The data:
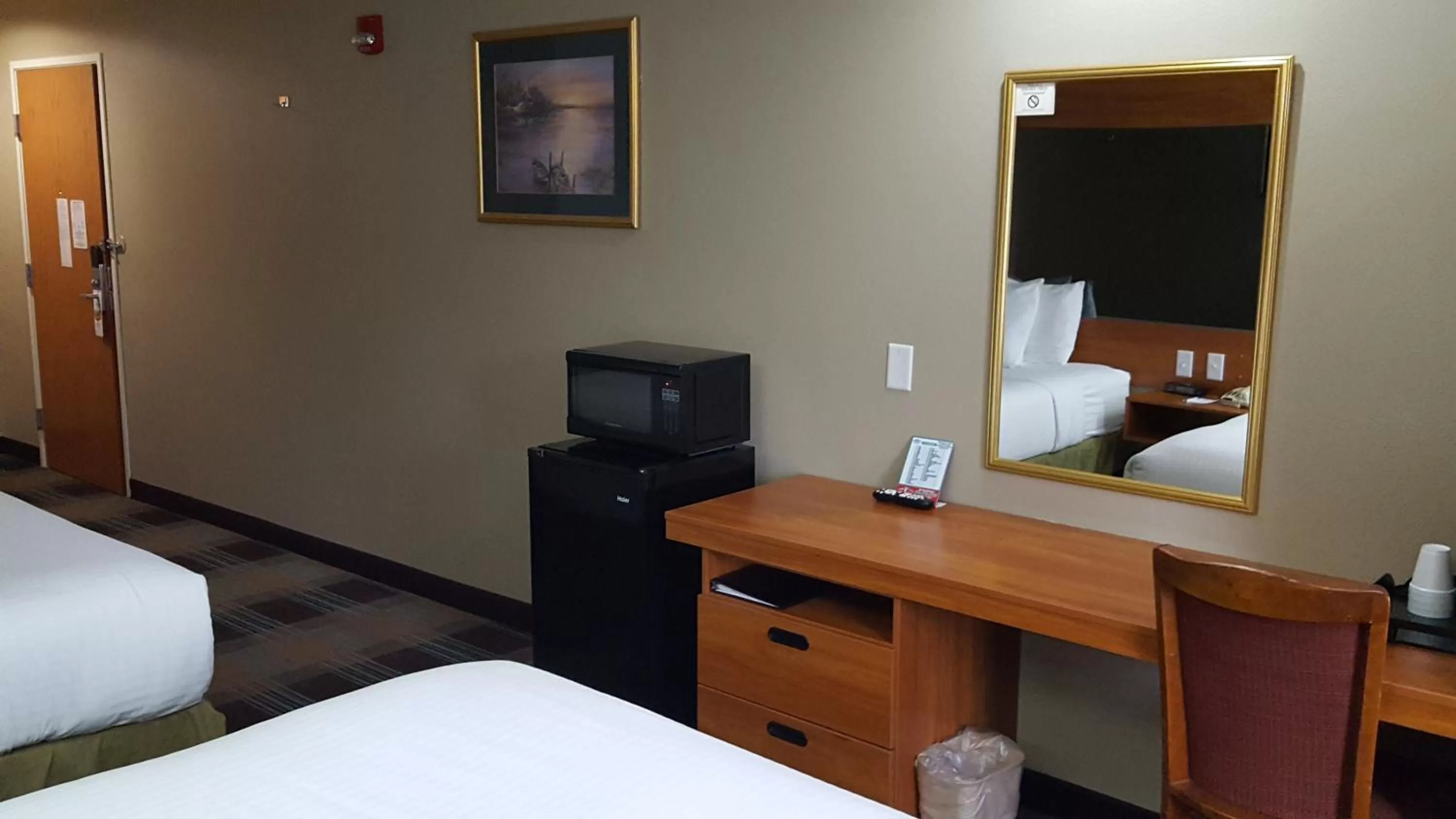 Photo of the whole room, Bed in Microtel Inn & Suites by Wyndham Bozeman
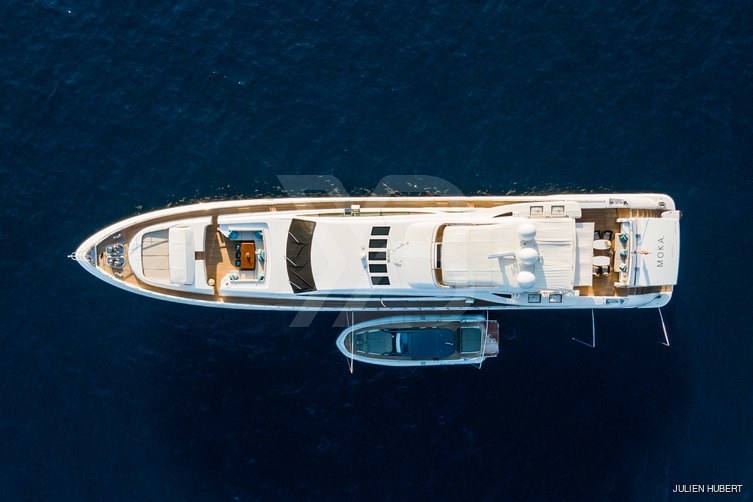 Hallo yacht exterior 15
* * *
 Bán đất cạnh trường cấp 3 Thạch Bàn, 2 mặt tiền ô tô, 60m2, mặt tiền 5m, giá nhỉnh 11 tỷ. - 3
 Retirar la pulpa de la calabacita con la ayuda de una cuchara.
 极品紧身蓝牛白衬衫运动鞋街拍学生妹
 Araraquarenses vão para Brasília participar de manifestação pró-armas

Exercise objective: In the entries above, find the line containing "Photo of the" and the line containing "Hallo yacht exterior 15", then copy both and every line between them exactly, without any picture.

Finished exercise:
 Photo of the whole room, Bed in Microtel Inn & Suites by Wyndham Bozeman
 Hallo yacht exterior 15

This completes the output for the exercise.